Thirty years ago today, on Thursday, March 4, 1976, Madison and much of Wisconsin got hit with an ice storm for the ages.
It was a worst-case winter scenario, a perfect storm that first brought rain, then cold, and finally wind - a blustery ice invasion that had 600,000 Wisconsin residents living four days, and in some cases more than a week, with no electricity, no telephone, no flushing toilets, all as temperatures plummeted.
In Madison, on the second day of the storm, Mayor Paul Soglin estimated a third of the homes in the city were without power. He had declared a state of emergency at 10 p.m. Thursday. By the next day six emergency shelters were established, the largest at West and La Follette high schools. A reporter found Soglin Friday at the West shelter, sipping a cup of coffee and trying to get a handle on the situation.
It was grim and it took a while to get better. The Crestwood neighborhood in Madison went five days without power. Twenty-three of the city's 27 water pumping stations were shut down. The Fire Department got 300 calls in one day from mishaps or worse caused by people trying to keep warm inside with charcoal grills and fireplaces.
A pet shop owner on Monroe Street watched helplessly as the water in his tropical fish tanks cooled and the fish perished.
The Dane County Board was due to meet that Thursday night at the City-County Building. Of the 41 supervisors, only three were at the meeting. Jonathan Barry, later county executive but then a supervisor, was in attendance only because there had been no way to alert him to stay home.
County Clerk Jack Hebl took a roll call and said, "Thirty-eight absent."
Barry made a motion to adjourn the meeting, and Chairman Mary Louise Symon accepted it. The Cap Times reporter covering the meeting, Howard Cosgrove, found county emergency planning director Edward Kroll in his basement office. Kroll was dressed in a sweatshirt and said he'd come in because his power was out at home.
"I'm just trying to keep updated and make a judgment about how close we're getting to disaster," Kroll said.
The answer was: plenty close. The next day, a Madison Gas & Electric employee, Floyd Morgan, told The Capital Times, "Parts of this town look like they got hit by a tornado. I've never seen anything like it."

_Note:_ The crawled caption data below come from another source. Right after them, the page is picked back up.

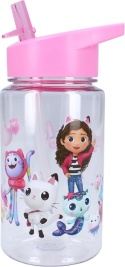Bidon do picia KOCI DOMEK GABI 450ml Butelka ze słomką dla dzieci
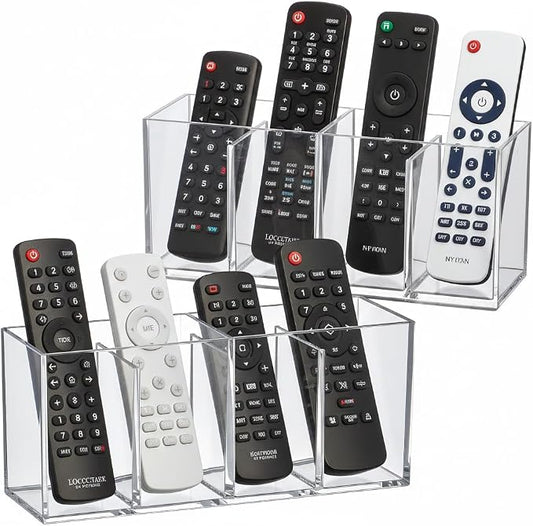 Amazing Abby Remote Control Holder (2-Pack), Clear Plastic 4-Compartment Organizer for TV Remote, Shatter-Proof Storage Box for Media Players, Controllers, and Office Supplies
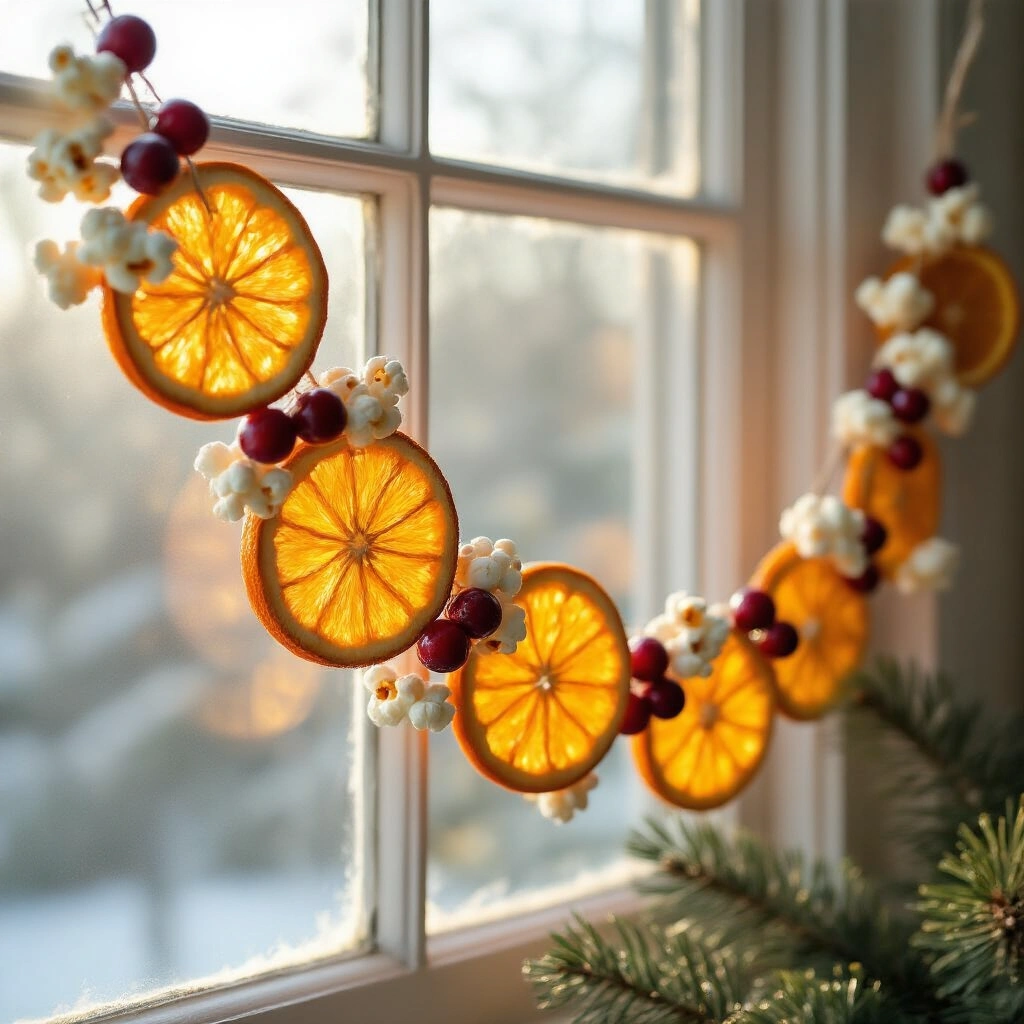 Homemade Garland Ideas That Actually Look Good (And Cost Almost Nothing) Close-up of a handcrafted garland made of dried citrus, cranberries, and popcorn, delicately draped across a frost-kissed window, with amber and saffron hues glowing in soft morning light, casting warm shadows on the white window trim, surrounded by fresh pine sprigs.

Another day later, Saturday, the State Journal described the city as looking almost surreal: "A science fiction picture of a post-atomic war world with trees stripped of limbs, power lines arcing fireballs and the night sky lit by quick flashes of green light as transformers blew."
I think it was that Saturday night that I personally remember. It's my one memory of the ice storm. I was living on the UW-Madison campus at the time, and college kids can get along without plumbing and electricity. Getting the beer on ice wasn't a problem. So I don't remember any terrible hardship.

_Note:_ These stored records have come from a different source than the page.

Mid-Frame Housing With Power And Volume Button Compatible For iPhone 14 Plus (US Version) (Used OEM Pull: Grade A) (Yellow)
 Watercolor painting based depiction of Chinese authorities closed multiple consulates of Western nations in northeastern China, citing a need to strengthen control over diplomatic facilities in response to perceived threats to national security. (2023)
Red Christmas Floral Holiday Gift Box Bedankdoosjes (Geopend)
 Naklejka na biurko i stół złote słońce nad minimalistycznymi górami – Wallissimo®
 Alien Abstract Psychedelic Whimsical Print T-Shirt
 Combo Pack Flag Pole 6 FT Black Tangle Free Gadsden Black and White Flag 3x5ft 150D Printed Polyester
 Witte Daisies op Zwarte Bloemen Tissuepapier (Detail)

What I recall is walking alone up Langdon Street that Saturday night, a little before midnight. The stars were out and even if there weren't streetlights - and there probably weren't - the ice-covered trees lining Langdon, shimmering in the starlight, were about the most beautiful thing I had ever seen. The only noise was the wind. It was just stunning.
It wasn't good for the trees, of course. The State Journal had run a story on Friday headlined: "Leave icy trees alone, professor warns." Trying to knock the accumulated ice off the trees would only cause them further injury.

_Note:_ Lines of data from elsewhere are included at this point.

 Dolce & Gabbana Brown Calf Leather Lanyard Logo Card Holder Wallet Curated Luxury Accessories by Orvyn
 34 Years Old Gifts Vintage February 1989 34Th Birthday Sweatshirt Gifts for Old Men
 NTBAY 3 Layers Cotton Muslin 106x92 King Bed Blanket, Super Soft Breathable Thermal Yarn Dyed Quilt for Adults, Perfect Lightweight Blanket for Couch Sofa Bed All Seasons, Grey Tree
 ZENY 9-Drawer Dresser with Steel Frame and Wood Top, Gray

It affected everything. Ditches were full of cars. Farmers had to try to milk their 200-cow herds by hand. The cable TV system was down, not that it mattered, since people couldn't turn on their sets. By Saturday, power was slowly being restored, but that evening's Capital Times had a front page headline estimating that 7,000 Madison families were still without electricity. Across southern Wisconsin, the paper said, "the number of families without power may easily be as high as 75,000."
By Monday, March 8, some normality had returned, and the extent of the damage was beginning to be assessed. The top-line State Journal headline read: "Ice storm costs surpass $8 million."
This week, the Madison Fire Department issued a press release reminding people of the ice storm anniversary, as part of the department's PREP - People Responding to Emergencies Program. The release noted how the 1976 storm "completely snapped hundreds of utility poles, downed thousands of power and telephone lines and totally destroyed many trees. Some wires and tree limbs were coated with up to 5 inches of ice accumulation."
The release was a good reminder, but in this case, it's doubtful that anyone who was here in March 1976 had forgotten.
At the time, a reporter had located a farmer in Cambridge, Orlow Notstad, who made it clear an ice storm is not the kind of thing you forget.
"We had one in 1936," Notstad said, and then he paused. "But it wasn't this bad."